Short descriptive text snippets
○ ○ ○

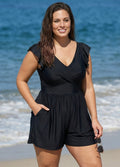 Plus Size Black Twisted Front Ruffled One Piece Swimsuit Swim Romper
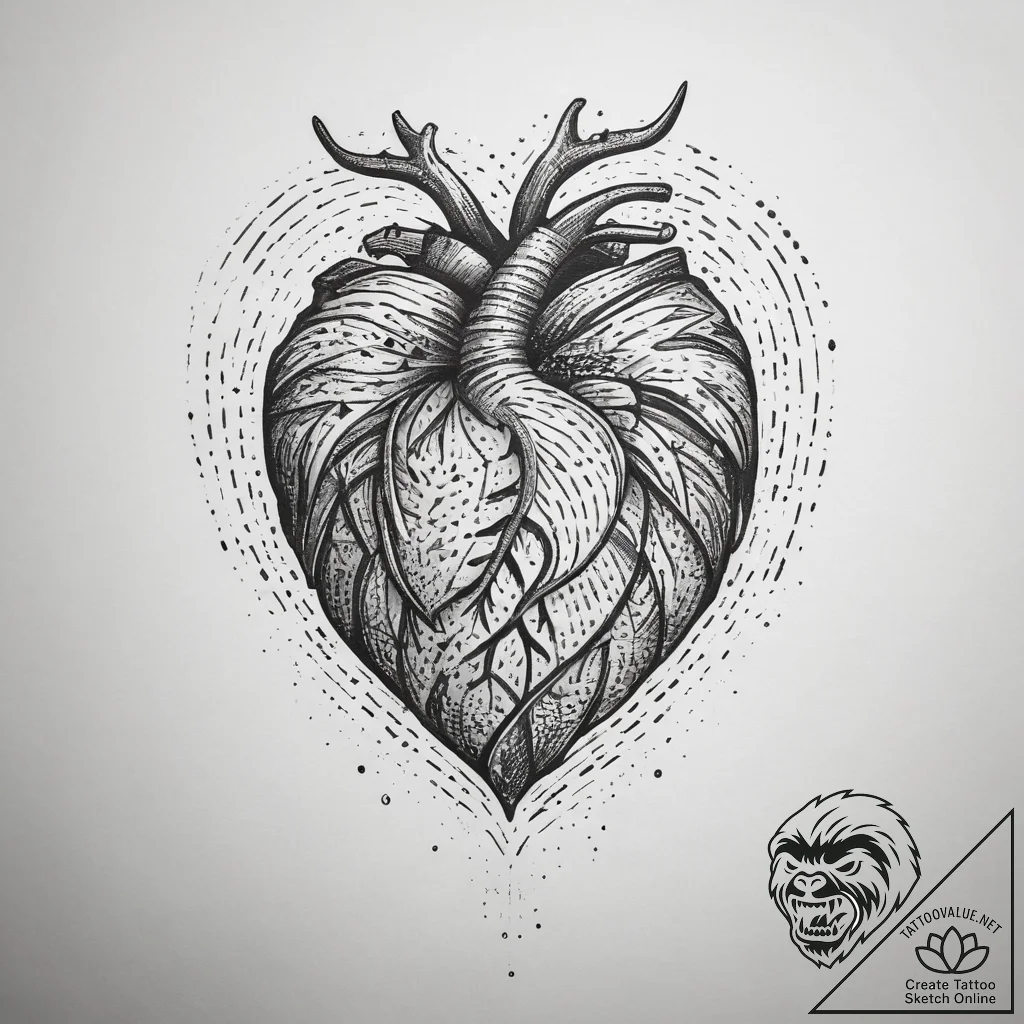 Tattoo design a heart with a subtle fingerpri... - tattoo sketch (№1753773607_0, 29.07.2025 07:20) — tattoovalue.net
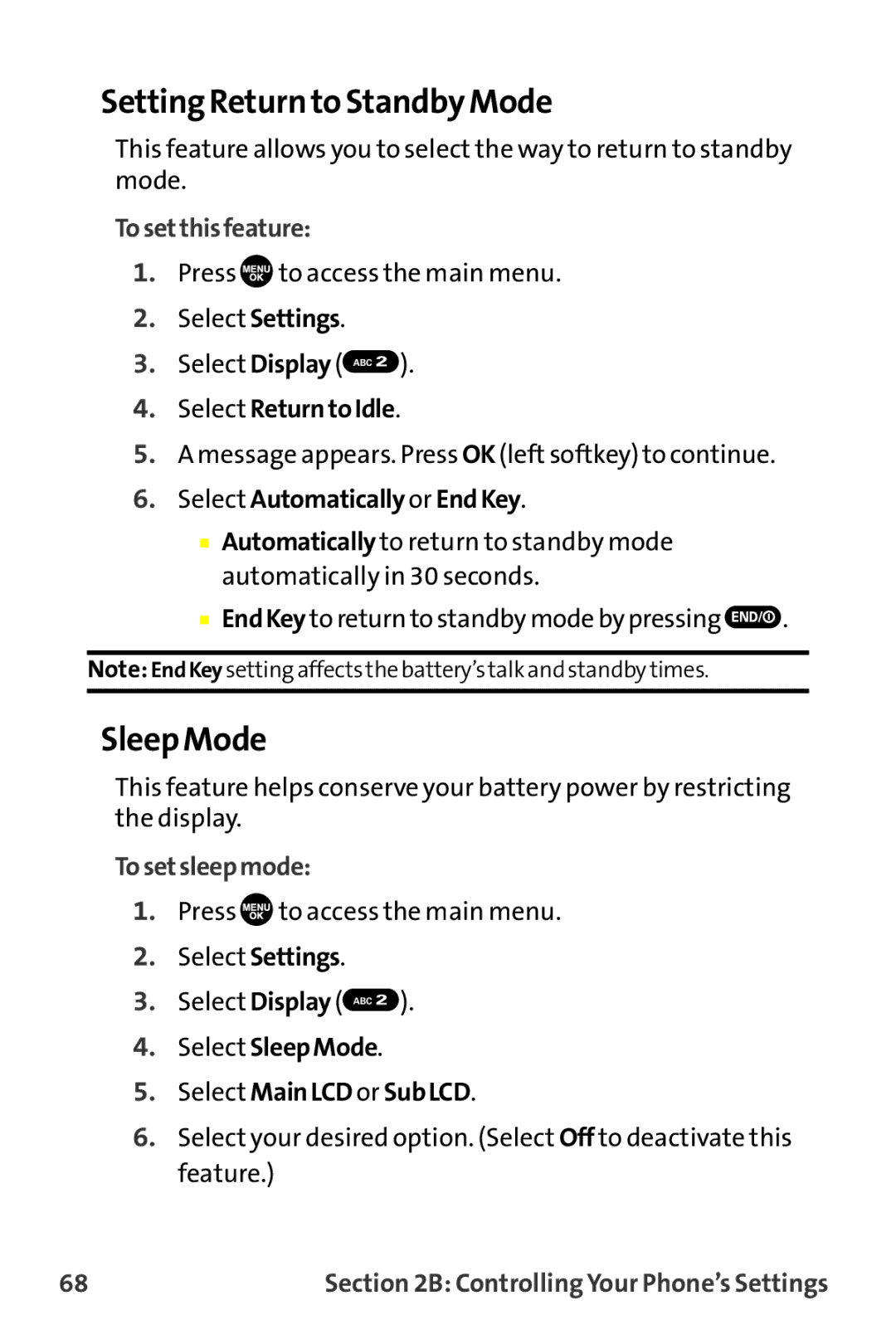Sanyo MM-9000 manual Setting Return to StandbyMode, Sleep Mode, Tosetthisfeature, Tosetsleepmode 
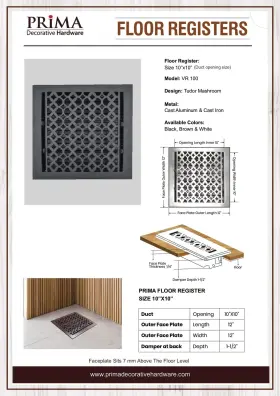 Vr-100 Prima Decorative Hardware 618952845183 - Cast Aluminum Floor Register 10 Inch X #2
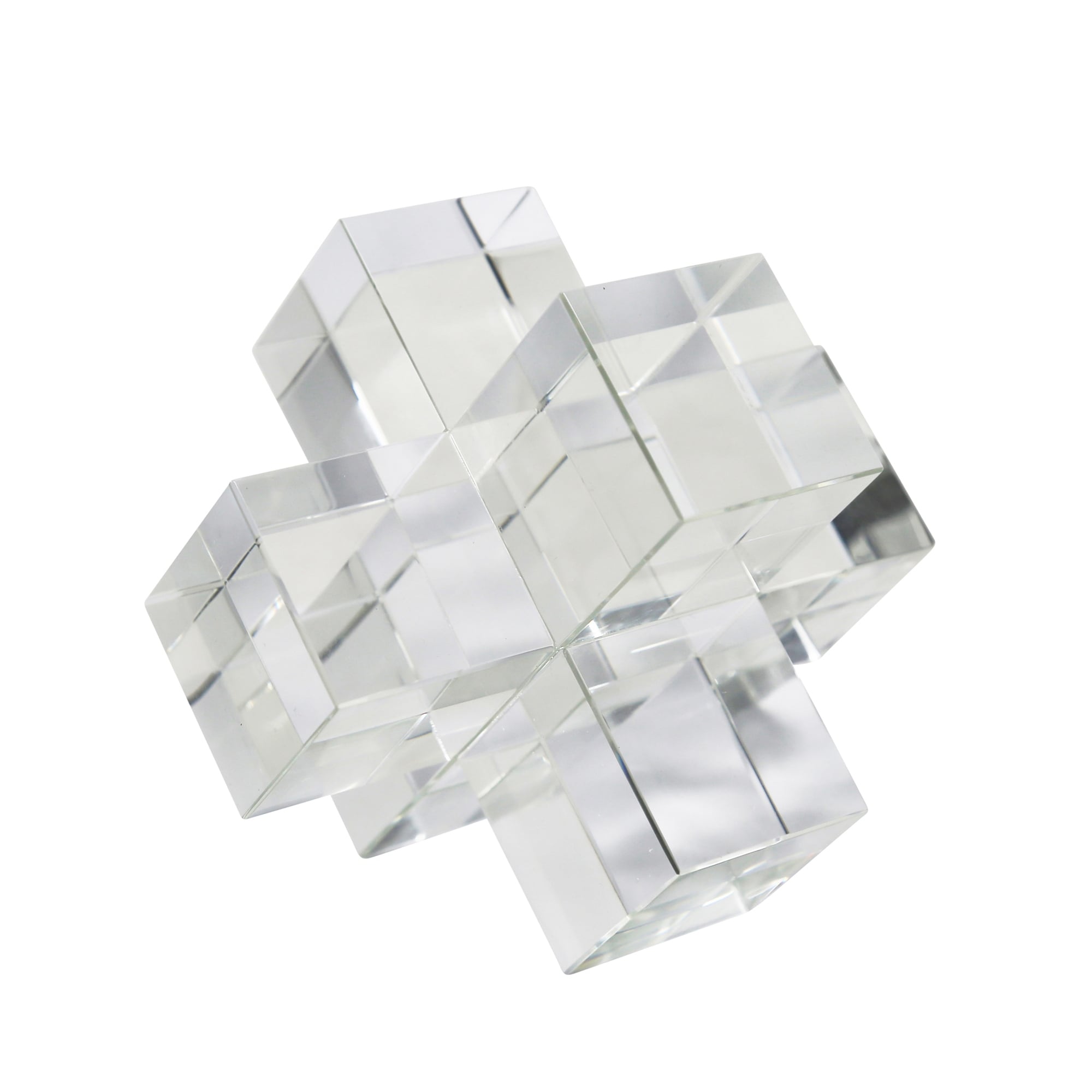 Sagebrook Home Modern Crystal Glass Geometric Sculpture Clear/Frosted, 6 L x 6 W x 6 H - 6" x 6" x 6"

○ ○ ○

Would you please repeat the entries above verbatim, excluding each picture?

_Completed exercise:_
 Plus Size Black Twisted Front Ruffled One Piece Swimsuit Swim Romper
 Tattoo design a heart with a subtle fingerpri... - tattoo sketch (№1753773607_0, 29.07.2025 07:20) — tattoovalue.net
Sanyo MM-9000 manual Setting Return to StandbyMode, Sleep Mode, Tosetthisfeature, Tosetsleepmode 
 Vr-100 Prima Decorative Hardware 618952845183 - Cast Aluminum Floor Register 10 Inch X #2
 Sagebrook Home Modern Crystal Glass Geometric Sculpture Clear/Frosted, 6 L x 6 W x 6 H - 6" x 6" x 6"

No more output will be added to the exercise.